Глава 24

Этот его родной подъезд, а точнее — родной дом вмиг превратился в клетку, в камеру временного заключения.

"Вот именно — временного", — как мог подбадривал себя Шаламов.

Отчаянно хотелось позвонить Эм, голос бы её хоть услышать, но телефона у неё не было, да и час поздний.

Отец, к слову, припомнил про несчастные полторы тысячи баксов и сам предложил деньги, видимо, как дополнительный аргумент.

— Не надо, — буркнул Шаламов.

Может, и дал маху. Так, хоть одной проблемой стало бы меньше. Но он и без того чувствовал себя скверно. А в тот момент казалось, что возьми он деньги — станет ещё хуже. Лучше уж как-нибудь сам.

И теперь слонялся по квартире, изнывая. Эм его не поймёт, он бы сам такого не понял. Хорошо, что завтра у неё нет смены и они смогут спокойно поговорить. Но до завтра ещё как-то дотянуть надо.

На глаза попалась рамочка со снимком Ники и Гайдамака.

— Сука, — Шаламов схватил фотографию и метнул с размаху о стену. В ночной тишине дребезг разбитого стекла прозвучал как взрыв.

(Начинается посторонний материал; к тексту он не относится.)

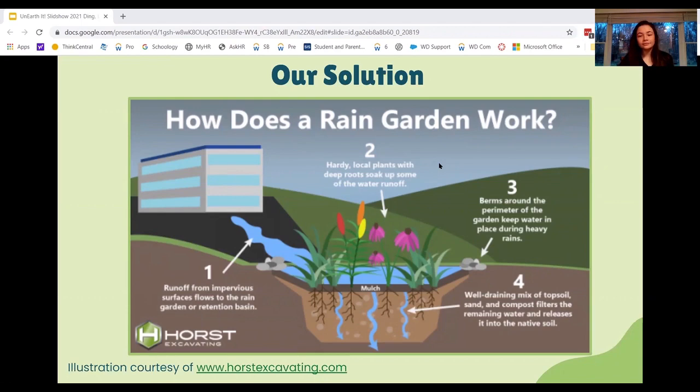So what is a rain garden? This illustration here perfectly represents a typical rain garden. The rainwater or runoff flows down smooth higher ground surfaces like roads into the rain garden or retention basin. Berms around the perimeter of the garden keep in water during heavy rains and floods. Hardy native local plants with deep roots absorb the water and they actually soak in 30% more water than conventional lawns. The remaining water is filtered through a well-draining mix of dirt and is released into native soils.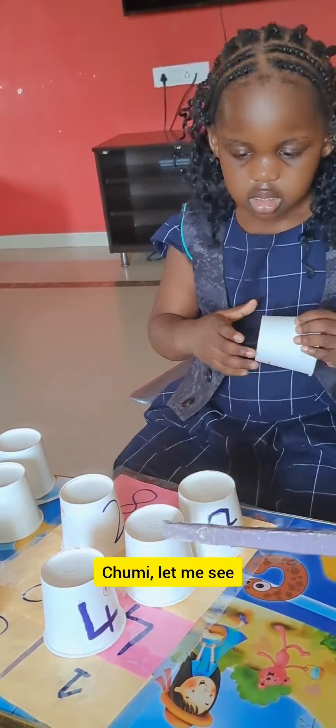Number 1. Keep it here. Can you look for number 5, please? Number 5, please? Great job. Clap yourself. Good. You did a good job, baby.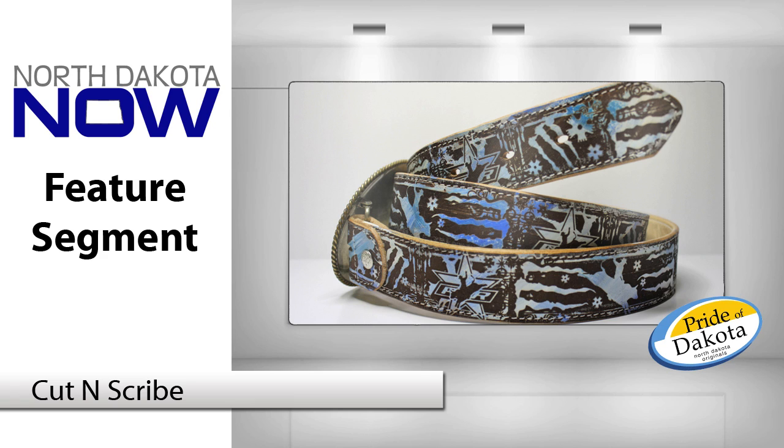He ended up getting it back because the guy he gave it to was from Missouri and it said North Dakota on it. And you know the way you sell it to bikers? You call it 'tattoos for their leather.' Tattoos for your leather — we'll tattoo your saddlebag. We just have to make sure we keep it clean.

Не зная, куда ещё себя деть, Шаламов поплёлся на кухню, сунулся в холодильник, ощутив вдруг острый приступ голода. В последний раз он ел с Эм вечность тому назад. Потом явился Гайдамак, князь тьмы, и отбил все человеческие желания. Порыскав в полупустом холодильнике, он выудил банку с кабачковой икрой. Изумился — откуда она тут? Застоялась, видать, с довероникиной поры. Последнее время холодильник заполняла Ника и, в основном, йогуртами, творожками, на худой конец, баночками со всякими сырными намазками. Мясное она брала только полуфабрикатами, чтобы прямо сейчас приготовить и съесть. Так что за три дня её отсутствия нормальная еда вся закончилось.

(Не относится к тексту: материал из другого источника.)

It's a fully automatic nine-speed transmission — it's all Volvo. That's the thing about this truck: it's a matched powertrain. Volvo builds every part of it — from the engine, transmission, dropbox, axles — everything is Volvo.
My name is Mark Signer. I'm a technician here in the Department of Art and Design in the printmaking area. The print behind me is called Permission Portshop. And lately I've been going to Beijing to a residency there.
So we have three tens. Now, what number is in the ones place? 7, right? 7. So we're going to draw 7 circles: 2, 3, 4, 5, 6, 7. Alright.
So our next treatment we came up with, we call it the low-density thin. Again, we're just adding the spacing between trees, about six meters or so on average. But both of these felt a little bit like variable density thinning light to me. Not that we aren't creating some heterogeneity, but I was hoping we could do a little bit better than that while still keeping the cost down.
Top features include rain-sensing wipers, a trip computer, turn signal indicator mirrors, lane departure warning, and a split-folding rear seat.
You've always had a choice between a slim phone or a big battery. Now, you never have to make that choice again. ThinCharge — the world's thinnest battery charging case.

Уняв голод, Шаламов ощутил вдруг нечеловеческую усталость, голова будто налилась свинцом. И стоило ему прилечь, как сразу, в ту же секунду он уснул, будто впал в тяжёлое забытьё.

* * *

Вероника злилась на отца за то, что уговорил уйти от Шаламова на несколько дней, и на себя — за то, что послушалась. Он убедил её пересидеть день-два-три, а если понадобится и неделю. Мол, тот занервничает, опомнится, примчится, прощения попросит. А что получила? Трое суток без сна, без покоя и один-единственный телефонный звонок. И то говорил с ним отец и, видимо, пошло всё не так, как они рассчитывали. Потому что после этого Шаламов не перезванивал и уж тем более не приезжал.

— Всё будет хорошо, — заверил вечером отец с непоколебимой уверенностью.

— Не знаю, но завтра я возвращаюсь к нему, — сообщила Вероника. — Не могу больше.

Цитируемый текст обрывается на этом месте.